» DATASET EXCERPT:
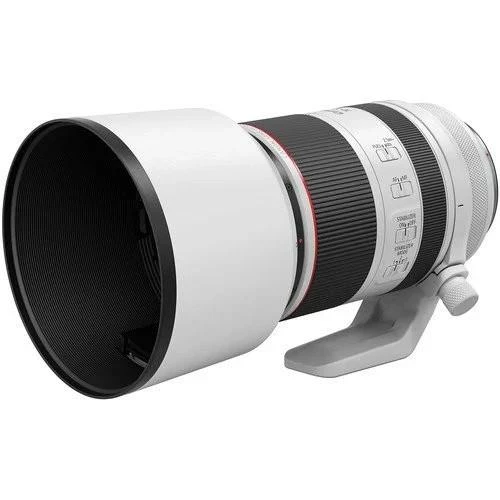 Canon RF 70-200mm f/2.8L IS USM Lens - 5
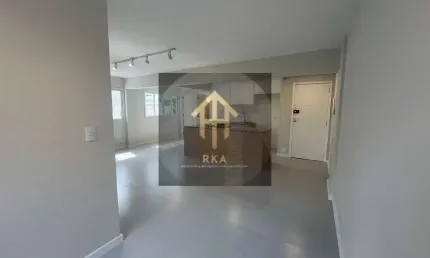 Apartamento com 2 quartos à venda na Avenida Moema, 55, Moema, São Paulo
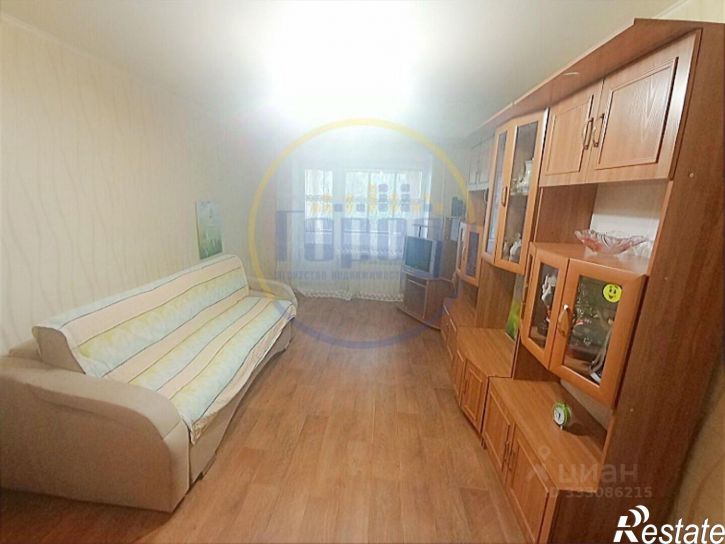 1-комн квартира Копейск г., Славы пр-кт., д.29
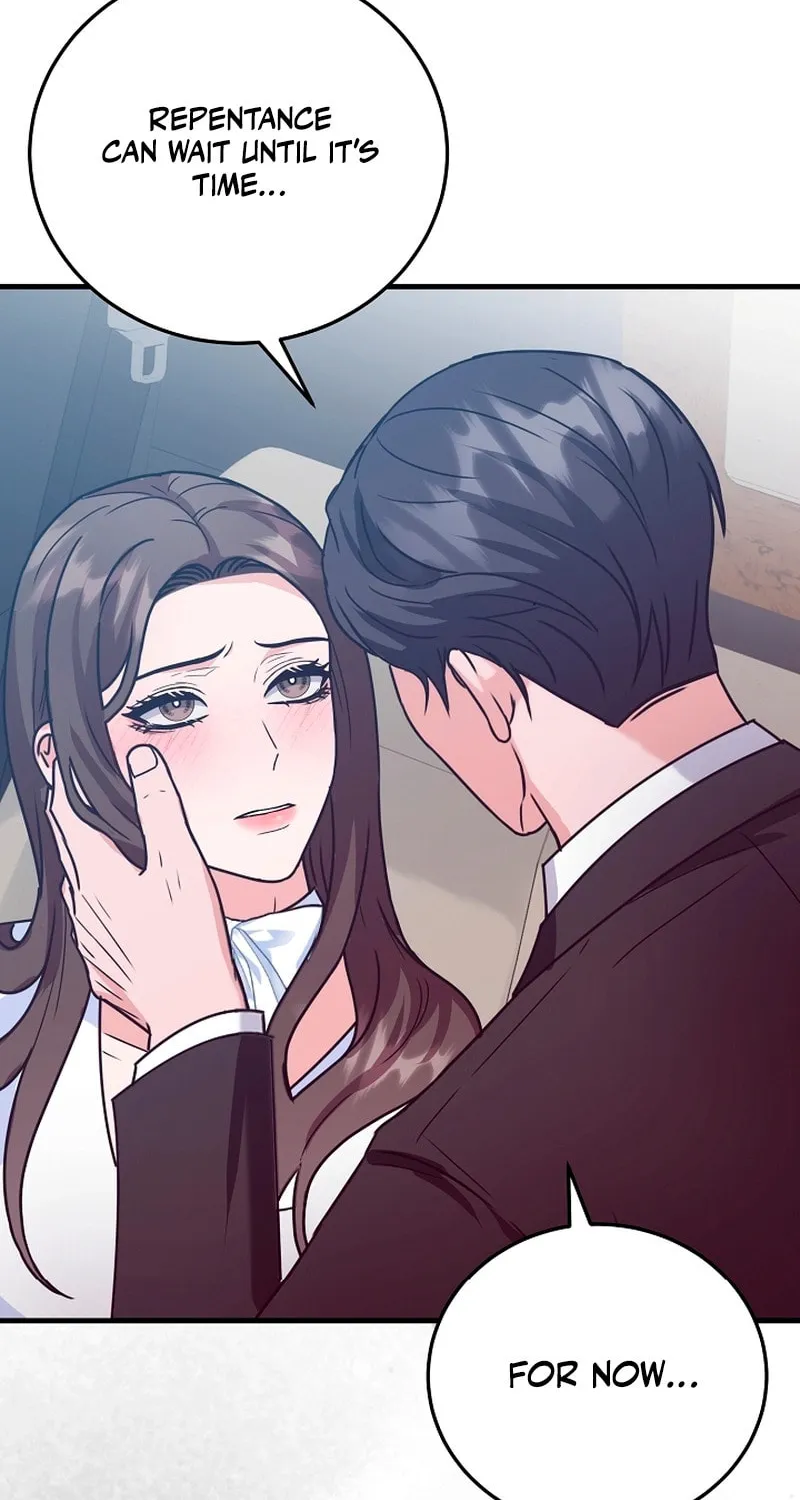 Bed Scene Chapter 10 page 69 -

» TRY IT: Print the entire listing precisely as written, omitting the images it holds.

» RESPONSE FOR THIS EXERCISE:
 Canon RF 70-200mm f/2.8L IS USM Lens - 5
 Apartamento com 2 quartos à venda na Avenida Moema, 55, Moema, São Paulo
 1-комн квартира Копейск г., Славы пр-кт., д.29
 Bed Scene Chapter 10 page 69 -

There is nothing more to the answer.